Staining of senescence-associated β-galactosidase
For SA-β-gal staining, cells were seeded into 12-well plates and cultured in a DMEM medium. After fixed for 20 min at room temperature in 4% paraformaldehyde, the cells were washed twice with 1× PBS. A freshly prepared SA-β-gal staining solution was used to incubated with the fixed cells overnight at 37 °C with the absence of CO2. Eight randomly selected representative fields were quantified for the percentage of SA-β-gal positive cells. Data were presented as mean ± SE.
Immunoprecipitatation and in vivo ubiquitination assay
To detect the levels p21 ubiquitination, A549-shTCAB1, H1299-shTCAB1 and shTCAB1 stable HeLa cells were pretreated with 20 μM MG132 (Merck Millipore) for 6 h.

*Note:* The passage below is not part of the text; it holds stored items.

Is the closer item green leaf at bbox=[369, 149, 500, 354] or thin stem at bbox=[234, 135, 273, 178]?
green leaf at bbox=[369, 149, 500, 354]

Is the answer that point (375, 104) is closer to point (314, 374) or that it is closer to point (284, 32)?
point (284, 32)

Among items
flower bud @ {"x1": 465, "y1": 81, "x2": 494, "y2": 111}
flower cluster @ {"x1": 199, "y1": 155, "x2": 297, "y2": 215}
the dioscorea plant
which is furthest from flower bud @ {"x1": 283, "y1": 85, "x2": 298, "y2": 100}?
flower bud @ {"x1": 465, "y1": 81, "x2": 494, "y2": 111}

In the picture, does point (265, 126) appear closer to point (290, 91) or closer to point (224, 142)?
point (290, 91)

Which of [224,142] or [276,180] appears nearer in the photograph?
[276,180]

The whole cell lysates were collected from 10 cm dishes and incubated with anti-p21 antibodies overnight at 4 °C. Then, 20 μl beads conjugated with protein A/G were added and incubated for 1 h at room temperature. The beads were washed three times with the washing buffer (10 mM Tris·HCl, pH 8.0, 1 M NaCl, 1 mM EDTA, 1% Nonidet P-40) prior to immunoprecipitation. The released samples in 20 μl 2×SDS protein loading buffer were subjected to western blotting analyses using an antibody against ubiquitin.

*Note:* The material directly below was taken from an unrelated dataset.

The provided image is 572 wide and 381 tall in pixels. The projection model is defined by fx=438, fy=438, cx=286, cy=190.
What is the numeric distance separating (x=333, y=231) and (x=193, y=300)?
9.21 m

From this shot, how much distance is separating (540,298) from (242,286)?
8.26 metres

Protein half-life determination
The transformed stable cells were treated with 100 μg/ml of cycloheximide for 0, 0.5, 1, 2, 3, 4 and 5 h. The whole cell lysates were prepared. The amount of 10 or 20 μg of total protein from each sample was analyzed by Western blotting with an anti-p21 antibody.
RNAi and transfection
To transiently silence p21, siRNA targeting p21 was synthesized (Hesheng genomic technology) and transfected with Lipofectamine™ RNAiMAX (Invitrogen) following the manufacturer’s instructions. The siRNA sequence target p21 was: CGUCAGAACCCAUGCGGCATT. Control insertion sequence was: UUCUCCGAACGUGUCACGUT.
3D terrain map
From TCGA database, the mRNA expression of TCAB1, p21 and p16 of a total of 514 lung cancer patients were retrieved. For better and fair comparison of genes of different expression levels and abundance, the expression levels of each gene were normalize by quartile ranking scales and classified into 9 group from low to high as “0 to 8”. Using the normalized levels as the x and y scales, TCAB1/p21 or TCAB1/p16 in our case, the averaged level of a third gene of interest (p53 in this study) could be ploted with the original raw values to generate a 3D terrain map. Both p53 wild-type (362) and p53 mutation (152) cases were analyzed and presented as comparative panels.